▶ TASK BRIEF: Repeat only the stretch of lines below that runs from the line with "Off Shoulder Emerald" through the line with "Bahamas Fan Specialty", unaltered.

SUPPLIED MATERIAL Block Start

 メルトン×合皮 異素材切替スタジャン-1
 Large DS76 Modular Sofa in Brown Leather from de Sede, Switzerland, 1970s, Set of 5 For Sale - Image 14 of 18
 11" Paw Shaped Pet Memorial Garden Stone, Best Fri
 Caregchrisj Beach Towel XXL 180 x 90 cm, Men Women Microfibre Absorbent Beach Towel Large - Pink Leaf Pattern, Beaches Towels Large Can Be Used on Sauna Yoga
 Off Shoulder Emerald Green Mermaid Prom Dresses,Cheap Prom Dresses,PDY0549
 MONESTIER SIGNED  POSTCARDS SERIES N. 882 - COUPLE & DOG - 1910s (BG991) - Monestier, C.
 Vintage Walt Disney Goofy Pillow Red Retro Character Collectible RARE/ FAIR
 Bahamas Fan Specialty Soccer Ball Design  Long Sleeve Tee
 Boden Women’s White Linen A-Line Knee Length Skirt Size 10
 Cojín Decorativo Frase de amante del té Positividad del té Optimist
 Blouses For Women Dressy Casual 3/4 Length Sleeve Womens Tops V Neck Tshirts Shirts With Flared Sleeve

SUPPLIED MATERIAL Block End

▶ SOLUTION TO THIS EXERCISE:
 Off Shoulder Emerald Green Mermaid Prom Dresses,Cheap Prom Dresses,PDY0549
 MONESTIER SIGNED  POSTCARDS SERIES N. 882 - COUPLE & DOG - 1910s (BG991) - Monestier, C.
 Vintage Walt Disney Goofy Pillow Red Retro Character Collectible RARE/ FAIR
 Bahamas Fan Specialty Soccer Ball Design  Long Sleeve Tee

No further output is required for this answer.